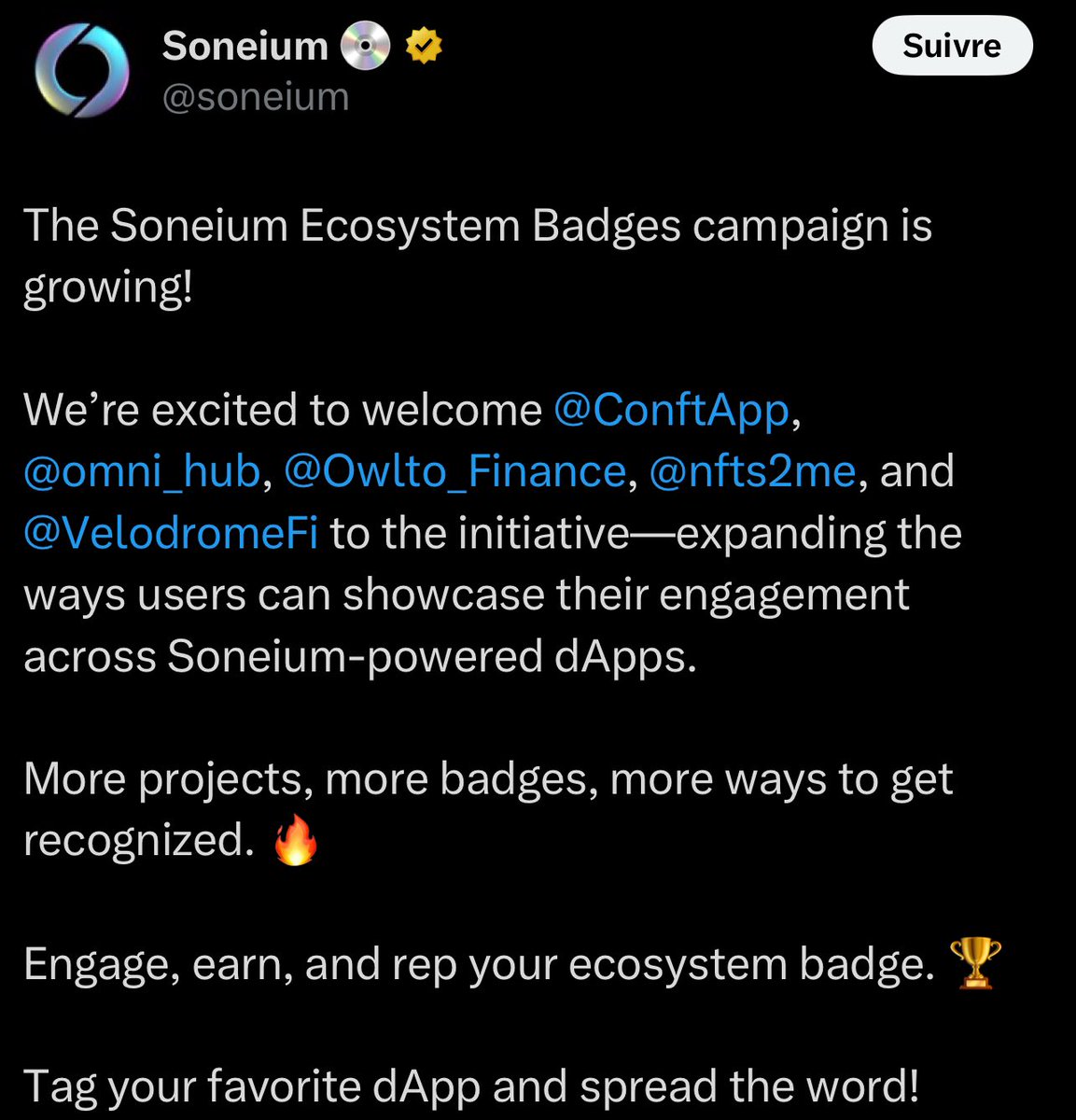 4 new Soneium Badges 

Guide 👇🧵

1. <a href="/Owlto_Finance/">Owlto Finance(🦉💛🦉)</a> 

- Visit: owlto.finance/soneium-badge
- Bridge 5 times to Soneium from any chain
- Swap 3 times on Owlto swap 
- Create at least 0.005 ETH volume 

2. @omni_hub 

- Visit: omnihub.xyz/soneium-guild
- Cast 10 votes for your favorite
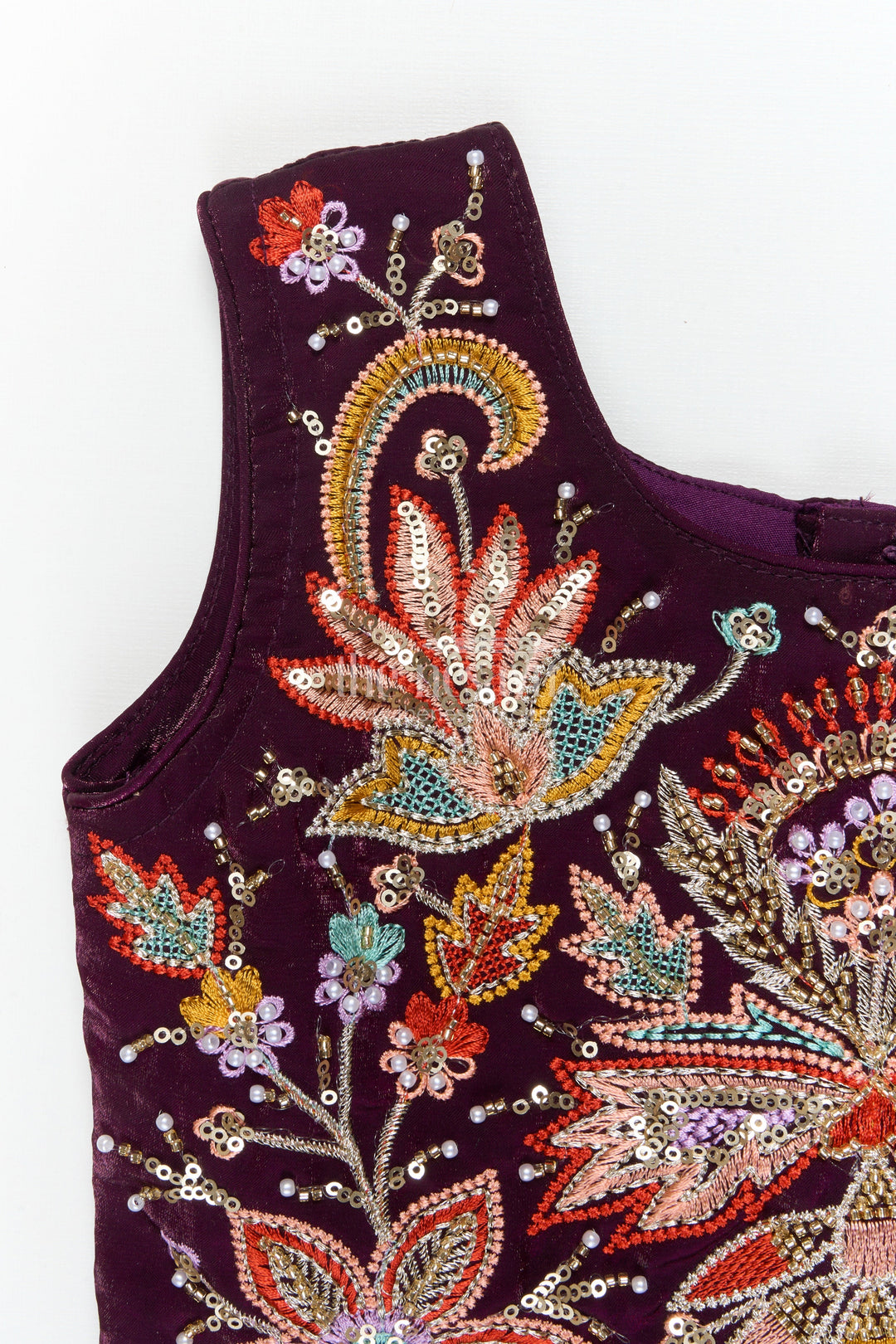 The Nesavu Girls Sharara / Plazo Set Girls Organza Plazo Set with Sequin Blouse for Receptions and Party Wear Nesavu Nesavu girls organza plazo set with floral embroidered blouse and dupatta for party and reception wear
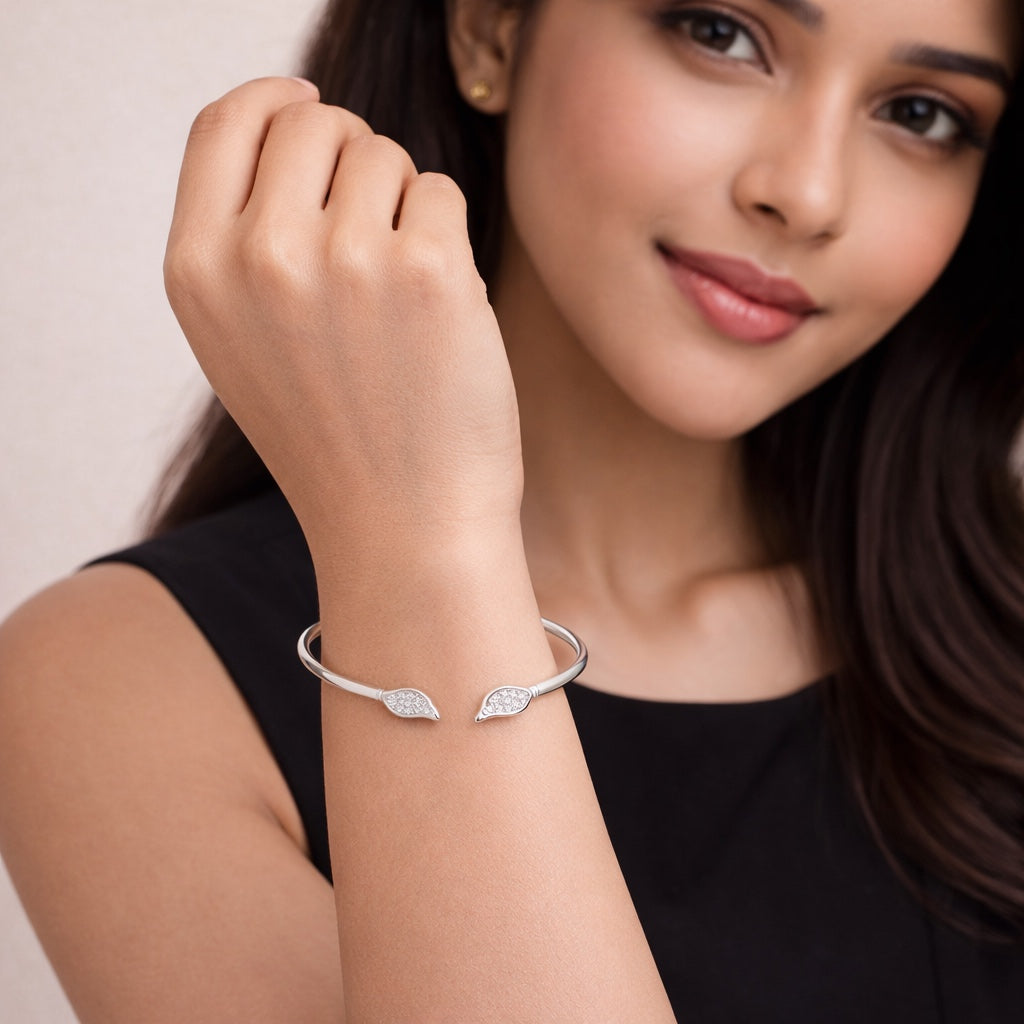 Leaf Design American Diamond Women Kada in 925 Silver | Elegant Openable Bracelet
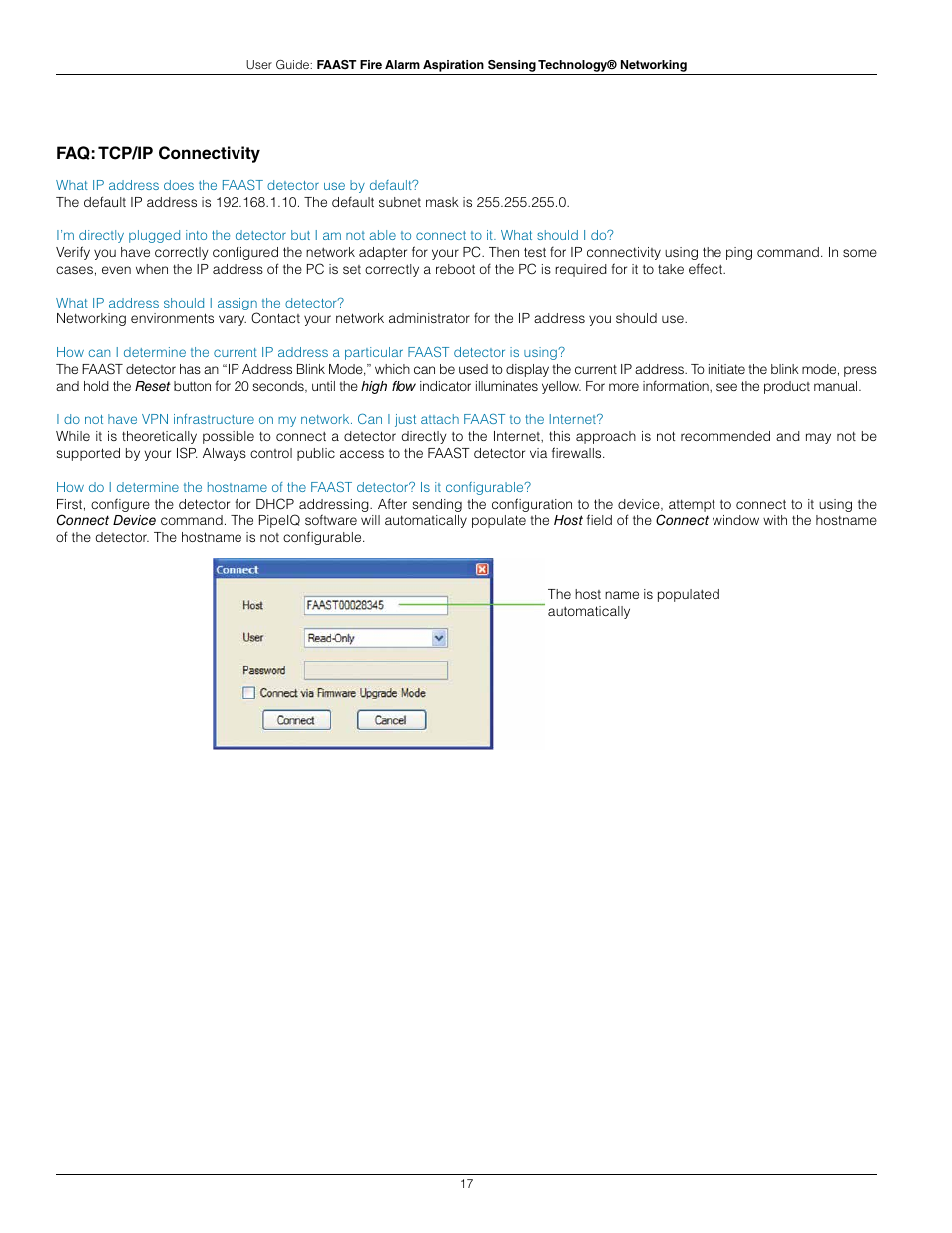 System Sensor FAAST Networking User Manual | Page 17 / 40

========================

**What you will do:** Each line in the listing above that includes "Visit" is to be copied.

**Task output:**
- Visit: owlto.finance/soneium-badge
- Visit: omnihub.xyz/soneium-guild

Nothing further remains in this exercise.